Proposed National Pollutant Discharge Elimination System Regulations to Establish Requirements for Cooling Water Intake Structures at Phase II Existing Facilities

Stated Purpose:

This notice presents revised analyses supporting a rule to implement §316(b) of the Clean Water Act, including a new analysis of nonuse benefits.

Summary of RSP Comment:

EPA’s efforts to place values on the nonuse benefits attributable to reducing fish losses due to entrainment and impingement at power facility cooling water intakes illustrates the problems with attempting to capture subjective utility measures in policy decisions. EPA estimates that the commercial value (or value to American consumers) of the proposed regulations is $80,000 per year. It estimates the recreational fishing value at another $880,000 per year. In contrast, it values the nonuse benefits associated with the fish protected by the proposed regulations at between $14,170,000 and 26,870,000. On a per-pound basis, the nonuse values of the common fish examined in the NODA are 54 to 100 times greater than actual use values. This is implausible.

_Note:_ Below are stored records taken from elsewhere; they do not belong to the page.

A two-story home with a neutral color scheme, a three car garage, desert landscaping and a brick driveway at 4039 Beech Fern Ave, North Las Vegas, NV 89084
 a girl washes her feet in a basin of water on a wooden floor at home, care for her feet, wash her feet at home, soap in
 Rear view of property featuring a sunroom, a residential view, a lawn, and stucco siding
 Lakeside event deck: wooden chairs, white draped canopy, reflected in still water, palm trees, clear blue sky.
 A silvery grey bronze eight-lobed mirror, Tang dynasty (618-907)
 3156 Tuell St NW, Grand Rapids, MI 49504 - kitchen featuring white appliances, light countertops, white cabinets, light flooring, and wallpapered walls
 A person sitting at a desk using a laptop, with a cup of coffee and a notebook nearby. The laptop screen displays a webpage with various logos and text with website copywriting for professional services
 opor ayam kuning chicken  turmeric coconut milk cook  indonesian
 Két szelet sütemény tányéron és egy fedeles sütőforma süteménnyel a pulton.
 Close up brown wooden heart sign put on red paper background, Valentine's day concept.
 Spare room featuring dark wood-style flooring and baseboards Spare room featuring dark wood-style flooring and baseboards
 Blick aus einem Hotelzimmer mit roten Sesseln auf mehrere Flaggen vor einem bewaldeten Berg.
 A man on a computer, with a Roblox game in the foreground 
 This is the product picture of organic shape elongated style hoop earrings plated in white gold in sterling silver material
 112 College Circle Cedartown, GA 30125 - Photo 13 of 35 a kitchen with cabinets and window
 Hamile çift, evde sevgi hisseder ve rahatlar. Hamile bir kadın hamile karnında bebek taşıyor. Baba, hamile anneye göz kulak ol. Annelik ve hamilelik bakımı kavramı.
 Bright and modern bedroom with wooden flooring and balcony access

EPA’s results suggest that every fish consumed actually costs Americans much more in nonuse values than it provides in consumption value. The logical conclusion from this result is that Americans could experience benefits of between $500 billion and $1 trillion per year, simply by not eating fish. Preferences revealed by the fact that Americans do eat fish shows the impossibility of the benefit estimates presented in the NODA.

Relying on stated preferences regarding hypothetical scenarios is widely recognized to be less reliable than relying on methods based on revealed preferences. In this NODA, EPA compounds the problems inherent in stated preference surveys by attempting to transfer the results of a CV study designed to value wetland habitat to estimate the benefits of common fish species. EPA appears to have gotten caught up in the complicated exercise of adjusting, extrapolating, and transferring, and not stopped to conduct a reality check on the plausibility of the results.

EPA should abandon efforts to estimate nonuse values of fish associated with this rule. While individuals may experience subjective utility gains from knowing that fish are not entrained or impinged, this does not justify regulation that imposes real opportunity costs.